Penso em escrever isto, mas acho que é loucura. Penso em escrever aquilo, é banal demais, concluo. Escrevo outra coisa. Qualquer coisa que me satisfaça à necessidade de escrever.

Hoje eu li em um livro que a Poesia é uma pulga* que faz coçar. Achei engraçado. O escrever é a pulga. Faz coçar até que você se rende à coceira. Escreve. É uma neurose.

A escola de meu tempo – como se o tempo fosse meu – inculcou isto em mim. Também?! Era cópia todo dia de textos clássicos – fecho os olhos e vejo as páginas daquela “Antologia Nacional”. Todo dia também tinha que fazer redação. Havia caderno especial para as benditas. Mal aprendi o “b-a-bá” vieram as “composições” – era assim que se chamavam as redações nos tempos dos grupos escolares.

Eram expostas gravuras pitorescas penduradas na frente da sala e a professora já anunciava:

- É dia de composição.

Como se todo dia não fosse. Escrevíamos. Transformávamos aquelas cenas ilustrativas em palavras segundo nossa imaginação lia a imagem.

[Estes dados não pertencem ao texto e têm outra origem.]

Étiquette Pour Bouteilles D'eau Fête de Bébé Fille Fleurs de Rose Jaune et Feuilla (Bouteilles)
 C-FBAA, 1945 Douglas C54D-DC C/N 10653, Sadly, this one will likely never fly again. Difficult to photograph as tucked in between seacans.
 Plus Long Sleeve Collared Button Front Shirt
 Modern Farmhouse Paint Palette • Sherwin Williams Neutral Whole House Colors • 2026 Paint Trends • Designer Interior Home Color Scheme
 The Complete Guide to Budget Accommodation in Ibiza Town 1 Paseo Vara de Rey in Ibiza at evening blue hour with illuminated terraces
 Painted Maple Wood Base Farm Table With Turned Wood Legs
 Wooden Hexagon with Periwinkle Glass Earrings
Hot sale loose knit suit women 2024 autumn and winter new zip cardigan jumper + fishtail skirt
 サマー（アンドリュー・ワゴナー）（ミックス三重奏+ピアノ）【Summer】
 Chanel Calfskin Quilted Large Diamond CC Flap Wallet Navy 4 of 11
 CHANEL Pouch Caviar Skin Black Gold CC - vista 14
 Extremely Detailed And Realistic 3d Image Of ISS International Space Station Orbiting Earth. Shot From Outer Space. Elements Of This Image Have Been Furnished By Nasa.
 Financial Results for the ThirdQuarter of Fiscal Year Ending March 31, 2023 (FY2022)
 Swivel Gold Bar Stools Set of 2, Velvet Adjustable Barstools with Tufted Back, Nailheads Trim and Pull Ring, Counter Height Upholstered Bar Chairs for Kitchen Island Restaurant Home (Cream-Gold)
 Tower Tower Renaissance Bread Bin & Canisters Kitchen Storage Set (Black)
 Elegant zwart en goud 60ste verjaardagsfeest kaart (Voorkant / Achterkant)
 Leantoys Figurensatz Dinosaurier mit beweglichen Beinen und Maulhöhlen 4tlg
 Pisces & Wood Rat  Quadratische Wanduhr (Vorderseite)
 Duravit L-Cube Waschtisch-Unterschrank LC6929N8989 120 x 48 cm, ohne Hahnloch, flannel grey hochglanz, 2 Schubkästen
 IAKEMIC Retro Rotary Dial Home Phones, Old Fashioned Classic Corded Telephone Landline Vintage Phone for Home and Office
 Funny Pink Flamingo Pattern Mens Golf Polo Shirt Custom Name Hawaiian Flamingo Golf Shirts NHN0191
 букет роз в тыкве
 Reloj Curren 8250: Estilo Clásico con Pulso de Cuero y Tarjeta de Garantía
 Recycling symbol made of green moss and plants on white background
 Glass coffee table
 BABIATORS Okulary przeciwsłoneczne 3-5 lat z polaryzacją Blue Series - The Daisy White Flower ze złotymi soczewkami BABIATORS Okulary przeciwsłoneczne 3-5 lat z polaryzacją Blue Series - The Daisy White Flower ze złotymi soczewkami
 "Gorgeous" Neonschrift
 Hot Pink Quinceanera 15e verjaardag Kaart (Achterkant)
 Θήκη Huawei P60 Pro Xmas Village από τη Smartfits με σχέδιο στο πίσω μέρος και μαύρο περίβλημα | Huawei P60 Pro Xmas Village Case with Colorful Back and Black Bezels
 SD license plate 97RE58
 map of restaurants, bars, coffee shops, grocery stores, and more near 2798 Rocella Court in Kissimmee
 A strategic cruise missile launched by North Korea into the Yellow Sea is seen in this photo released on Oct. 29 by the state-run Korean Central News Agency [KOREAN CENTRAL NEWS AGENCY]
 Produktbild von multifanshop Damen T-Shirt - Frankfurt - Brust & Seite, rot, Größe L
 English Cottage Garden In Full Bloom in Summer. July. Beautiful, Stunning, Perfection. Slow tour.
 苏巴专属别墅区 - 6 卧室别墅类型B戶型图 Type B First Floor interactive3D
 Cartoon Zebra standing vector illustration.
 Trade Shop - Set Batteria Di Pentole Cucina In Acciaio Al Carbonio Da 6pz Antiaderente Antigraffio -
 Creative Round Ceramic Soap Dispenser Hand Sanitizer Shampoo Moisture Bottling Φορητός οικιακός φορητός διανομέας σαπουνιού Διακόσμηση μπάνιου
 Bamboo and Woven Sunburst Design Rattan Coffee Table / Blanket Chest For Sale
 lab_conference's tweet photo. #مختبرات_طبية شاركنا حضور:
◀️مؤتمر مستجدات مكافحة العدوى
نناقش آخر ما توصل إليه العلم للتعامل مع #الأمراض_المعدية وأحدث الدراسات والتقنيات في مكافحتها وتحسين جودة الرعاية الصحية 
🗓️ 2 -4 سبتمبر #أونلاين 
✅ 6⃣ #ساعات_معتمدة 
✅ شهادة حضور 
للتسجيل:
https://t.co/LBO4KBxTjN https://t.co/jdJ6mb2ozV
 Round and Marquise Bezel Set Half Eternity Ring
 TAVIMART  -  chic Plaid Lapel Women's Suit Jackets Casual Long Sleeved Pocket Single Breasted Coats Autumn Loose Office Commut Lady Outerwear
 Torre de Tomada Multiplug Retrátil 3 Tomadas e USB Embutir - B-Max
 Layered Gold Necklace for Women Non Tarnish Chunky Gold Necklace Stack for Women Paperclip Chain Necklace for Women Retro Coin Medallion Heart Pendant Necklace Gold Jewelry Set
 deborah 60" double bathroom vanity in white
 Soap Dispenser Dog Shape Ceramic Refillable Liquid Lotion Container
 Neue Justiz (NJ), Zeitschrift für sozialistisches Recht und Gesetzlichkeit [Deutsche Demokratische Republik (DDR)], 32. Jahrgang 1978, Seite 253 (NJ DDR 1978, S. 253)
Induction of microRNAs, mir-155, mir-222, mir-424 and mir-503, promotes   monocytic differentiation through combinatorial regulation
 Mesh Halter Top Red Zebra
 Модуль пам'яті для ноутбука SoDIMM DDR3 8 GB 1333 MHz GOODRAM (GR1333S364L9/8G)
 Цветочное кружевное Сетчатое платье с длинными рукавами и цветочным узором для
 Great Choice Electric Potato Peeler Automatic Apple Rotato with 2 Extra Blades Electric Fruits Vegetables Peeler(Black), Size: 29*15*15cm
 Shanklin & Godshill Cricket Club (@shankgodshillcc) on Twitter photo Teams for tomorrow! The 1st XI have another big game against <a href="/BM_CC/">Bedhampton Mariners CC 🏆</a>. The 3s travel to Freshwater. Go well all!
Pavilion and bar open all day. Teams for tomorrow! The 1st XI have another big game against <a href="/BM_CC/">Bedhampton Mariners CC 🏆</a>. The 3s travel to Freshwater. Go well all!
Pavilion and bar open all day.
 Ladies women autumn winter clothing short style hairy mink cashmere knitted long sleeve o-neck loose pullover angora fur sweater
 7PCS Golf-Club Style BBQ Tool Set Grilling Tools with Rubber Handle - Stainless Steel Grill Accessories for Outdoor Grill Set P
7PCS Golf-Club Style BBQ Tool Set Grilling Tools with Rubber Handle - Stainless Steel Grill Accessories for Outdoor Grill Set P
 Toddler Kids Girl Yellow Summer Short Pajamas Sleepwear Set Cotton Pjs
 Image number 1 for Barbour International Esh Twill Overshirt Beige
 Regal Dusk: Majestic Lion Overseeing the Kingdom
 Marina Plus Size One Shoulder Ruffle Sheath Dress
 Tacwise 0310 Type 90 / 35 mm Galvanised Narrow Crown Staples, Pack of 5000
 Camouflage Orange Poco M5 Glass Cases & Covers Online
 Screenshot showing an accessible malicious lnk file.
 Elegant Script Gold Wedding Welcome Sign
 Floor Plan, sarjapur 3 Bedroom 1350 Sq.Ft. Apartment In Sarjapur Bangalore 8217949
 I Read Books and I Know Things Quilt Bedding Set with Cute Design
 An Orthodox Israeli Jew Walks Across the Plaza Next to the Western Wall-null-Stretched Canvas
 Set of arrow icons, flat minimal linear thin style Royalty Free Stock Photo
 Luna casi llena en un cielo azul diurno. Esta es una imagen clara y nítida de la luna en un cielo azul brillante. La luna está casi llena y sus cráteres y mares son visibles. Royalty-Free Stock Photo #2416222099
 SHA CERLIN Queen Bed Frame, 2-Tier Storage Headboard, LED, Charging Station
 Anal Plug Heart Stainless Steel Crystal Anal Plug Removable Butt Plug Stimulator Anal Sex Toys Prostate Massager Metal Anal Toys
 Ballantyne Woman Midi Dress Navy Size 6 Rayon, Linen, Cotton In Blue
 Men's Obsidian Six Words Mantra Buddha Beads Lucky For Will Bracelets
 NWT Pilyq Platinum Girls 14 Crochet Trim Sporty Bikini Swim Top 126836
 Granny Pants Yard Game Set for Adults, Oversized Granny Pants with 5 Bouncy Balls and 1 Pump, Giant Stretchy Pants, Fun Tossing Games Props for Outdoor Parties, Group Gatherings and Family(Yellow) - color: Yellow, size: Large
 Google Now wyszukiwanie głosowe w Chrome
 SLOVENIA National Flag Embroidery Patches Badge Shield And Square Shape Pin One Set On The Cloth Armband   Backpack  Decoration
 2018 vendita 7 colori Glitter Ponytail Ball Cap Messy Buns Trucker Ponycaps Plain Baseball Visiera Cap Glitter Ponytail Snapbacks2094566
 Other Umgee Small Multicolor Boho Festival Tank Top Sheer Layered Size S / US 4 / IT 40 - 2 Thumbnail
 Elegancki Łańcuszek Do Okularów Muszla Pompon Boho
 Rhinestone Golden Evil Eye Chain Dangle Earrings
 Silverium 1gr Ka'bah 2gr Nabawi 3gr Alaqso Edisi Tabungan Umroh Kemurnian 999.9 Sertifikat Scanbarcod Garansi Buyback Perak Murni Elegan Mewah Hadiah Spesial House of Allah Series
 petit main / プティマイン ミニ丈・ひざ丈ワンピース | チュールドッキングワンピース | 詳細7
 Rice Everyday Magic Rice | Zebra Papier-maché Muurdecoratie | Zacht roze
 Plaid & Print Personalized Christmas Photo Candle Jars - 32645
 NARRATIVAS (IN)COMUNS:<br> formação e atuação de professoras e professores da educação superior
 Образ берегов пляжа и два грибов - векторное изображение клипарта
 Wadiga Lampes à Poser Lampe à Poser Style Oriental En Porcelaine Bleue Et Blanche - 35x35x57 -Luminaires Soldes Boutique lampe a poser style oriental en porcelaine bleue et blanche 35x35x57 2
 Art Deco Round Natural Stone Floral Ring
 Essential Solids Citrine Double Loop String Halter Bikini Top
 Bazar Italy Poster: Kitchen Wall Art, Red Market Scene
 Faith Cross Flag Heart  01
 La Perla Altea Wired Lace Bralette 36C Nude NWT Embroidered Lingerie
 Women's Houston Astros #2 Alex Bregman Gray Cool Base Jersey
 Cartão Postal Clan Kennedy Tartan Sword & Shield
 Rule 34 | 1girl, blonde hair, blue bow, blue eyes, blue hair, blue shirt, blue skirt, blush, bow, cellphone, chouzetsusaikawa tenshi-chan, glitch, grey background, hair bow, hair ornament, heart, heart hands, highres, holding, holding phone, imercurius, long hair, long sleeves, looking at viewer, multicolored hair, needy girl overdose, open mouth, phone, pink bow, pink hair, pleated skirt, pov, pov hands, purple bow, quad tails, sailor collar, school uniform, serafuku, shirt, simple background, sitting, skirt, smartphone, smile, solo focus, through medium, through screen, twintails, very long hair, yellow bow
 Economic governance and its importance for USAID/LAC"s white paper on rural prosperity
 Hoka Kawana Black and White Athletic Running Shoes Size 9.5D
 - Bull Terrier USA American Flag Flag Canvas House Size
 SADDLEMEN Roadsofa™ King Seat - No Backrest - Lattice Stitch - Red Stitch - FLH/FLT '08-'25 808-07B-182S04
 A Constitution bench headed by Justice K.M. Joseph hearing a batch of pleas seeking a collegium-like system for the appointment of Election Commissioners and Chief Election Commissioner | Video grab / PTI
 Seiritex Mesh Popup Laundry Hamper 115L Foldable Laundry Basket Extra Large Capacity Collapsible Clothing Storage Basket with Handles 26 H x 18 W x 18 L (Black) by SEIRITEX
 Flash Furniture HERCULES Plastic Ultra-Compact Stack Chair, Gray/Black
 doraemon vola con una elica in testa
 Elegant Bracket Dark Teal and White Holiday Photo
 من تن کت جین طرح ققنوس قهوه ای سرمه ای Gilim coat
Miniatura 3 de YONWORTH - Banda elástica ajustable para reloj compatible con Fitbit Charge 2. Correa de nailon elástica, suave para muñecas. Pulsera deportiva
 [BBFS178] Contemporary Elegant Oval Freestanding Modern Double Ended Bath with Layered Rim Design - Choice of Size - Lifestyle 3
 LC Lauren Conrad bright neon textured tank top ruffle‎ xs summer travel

Depois, já ingresso no ginásio, era exposto somente o tema escrito no quadro. A gente que inventasse o leme para navegar naquelas águas obscuras que iam dar só a inspiração sabia onde. Navegávamos e chegávamos a um porto ou a uma ilha perdida – senão ficávamos à deriva. Sabíamos que as correções viriam de vermelho. Refazíamos. Era o recalque – escrever correção refazer.

Entre a loucura e a banalidade vou escrevendo. Colcha de retalho: um tecido assim e outro de outro jeito. E quando se vê a colcha está pronta. Quem não sabe costurar, bordar, tricotar, escreve. É desta maneira que o ser humano é. O importante é fazer para ocupar o tempo que não é nosso. Passatempo.

Quem não tece ou escreve, conta. Cálculo para isto e para aquilo. E calculadamente a construção é feita e o empreendimento refeito.

Sobre o que mesmo eu ia escrever? Os tempos são tantos, os retalhos muitos...

Ah! Era só a pulga escondida entre os retalhos e as emendas desta colcha... Vontade mesmo só de escrever sobre isto: a razão de todo escrever.

Leonardo Lisbôa

Barbacena, 26/08/2013

*ORTHOF,Sylvia. A poesia é uma pulga. São Paulo. Livraria Saraiva. 2005.